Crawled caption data

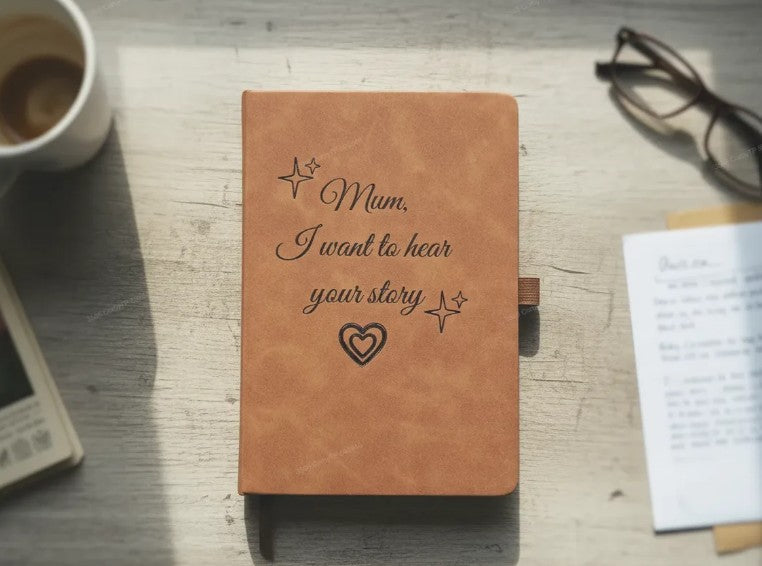 Parent/Grandparent Gift - Tell their story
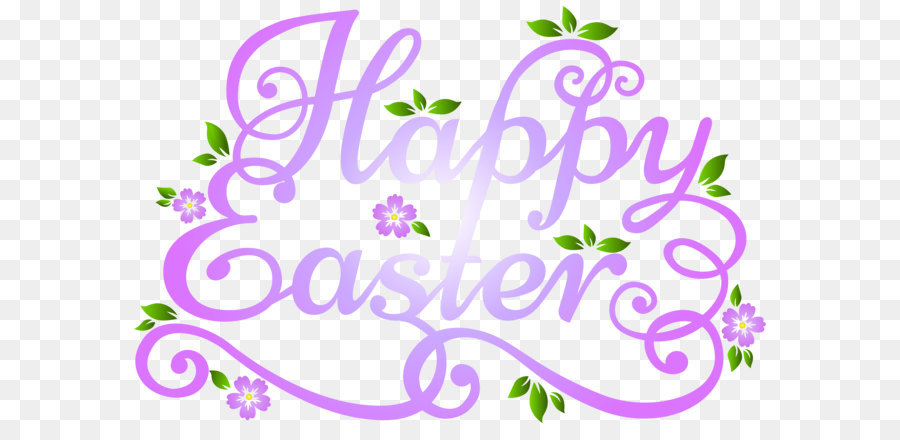 Easter Bunny Clip art - Deco Happy Easter Transparent PNG Clip Art Image png download - 8000*5276 - Free Transparent Easter Bunny png Download.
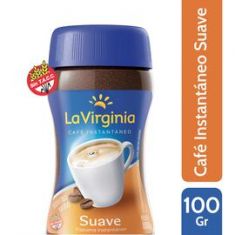 Café Instantáneo Suave Especial La Virginia 100 Gr.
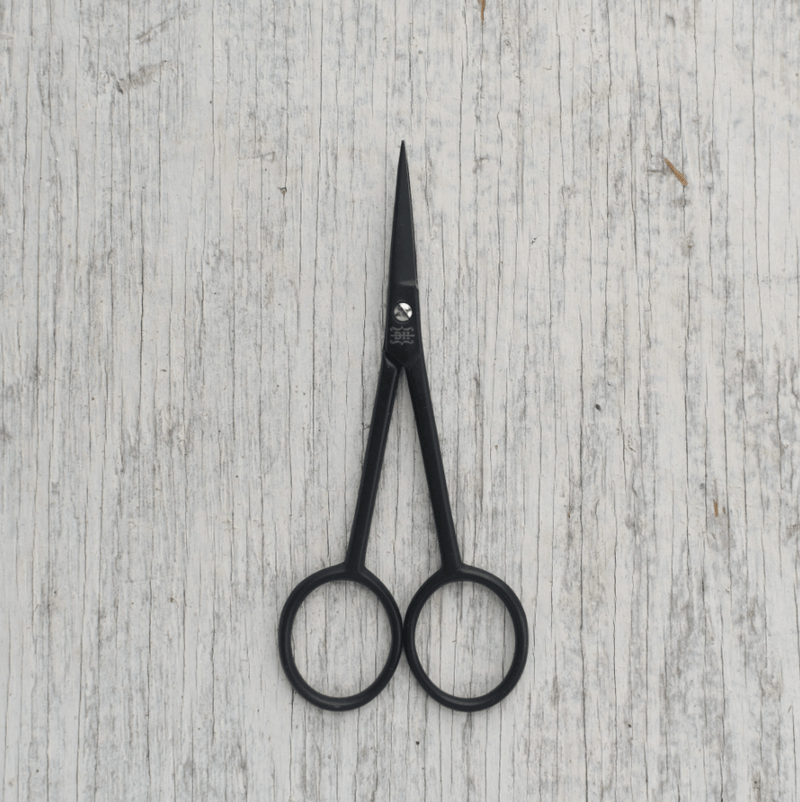 Black Teflon Scissors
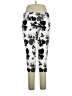 Soft Surroundings Print Ivory Active Pants Size XL - photo 1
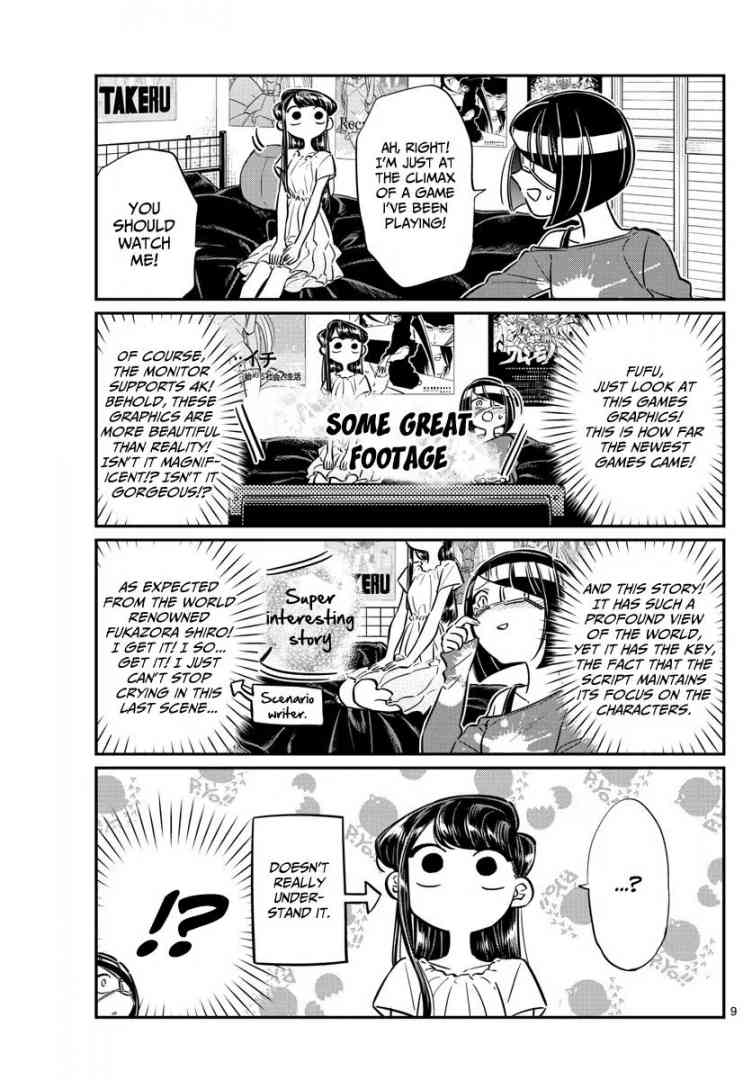 Komi San Wa Komyushou Desu Chapter 48 Page 9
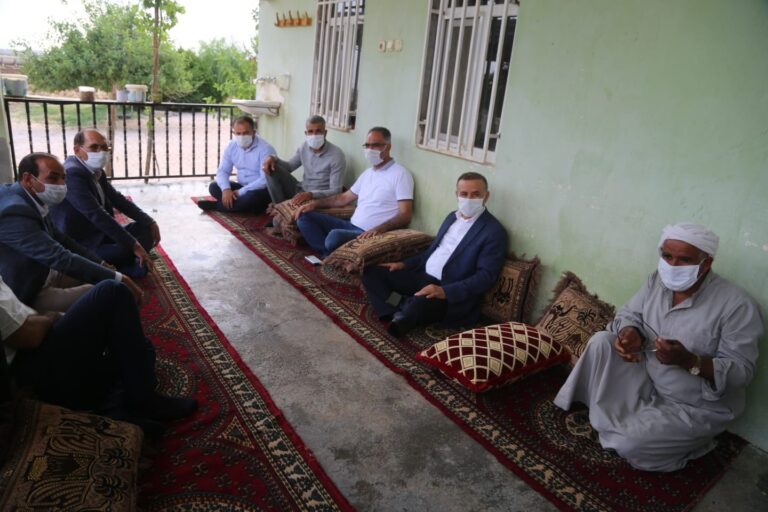 Belediye başkanı Kuş bir günde 14 mahalle dolaştı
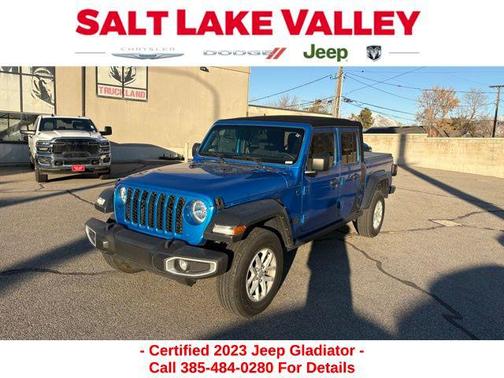 2023 Jeep Gladiator Sport S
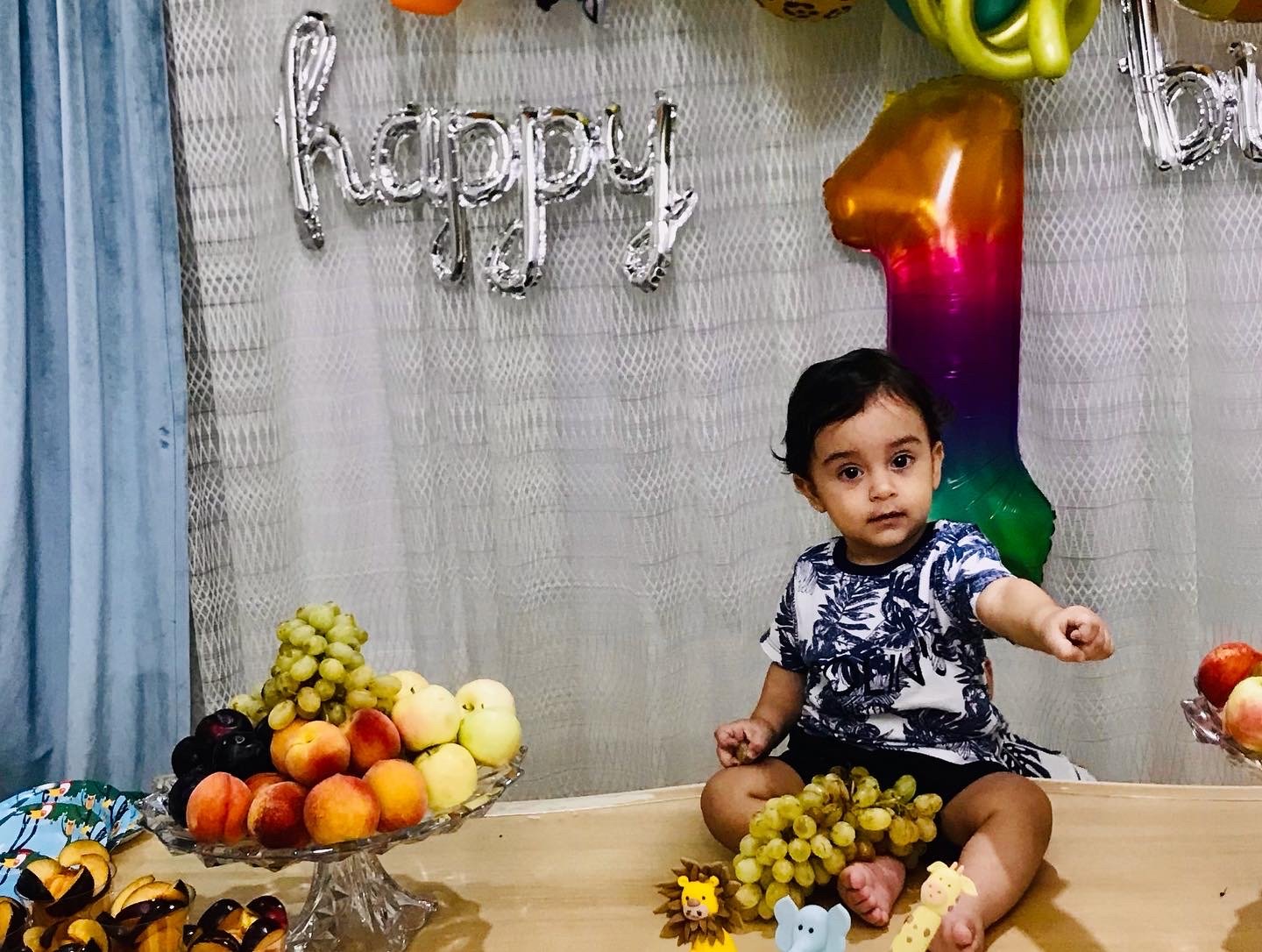 دوازده ماهگی نوزاد پندار خردمند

> _What to do_: Repeat exactly the lines in the entries from the one containing "Soft Surroundings Print" to the final line, inclusive, and nothing beyond them; skip pictures.

> _Solved problem_:
 Soft Surroundings Print Ivory Active Pants Size XL - photo 1
 Komi San Wa Komyushou Desu Chapter 48 Page 9
 Belediye başkanı Kuş bir günde 14 mahalle dolaştı
 2023 Jeep Gladiator Sport S
 دوازده ماهگی نوزاد پندار خردمند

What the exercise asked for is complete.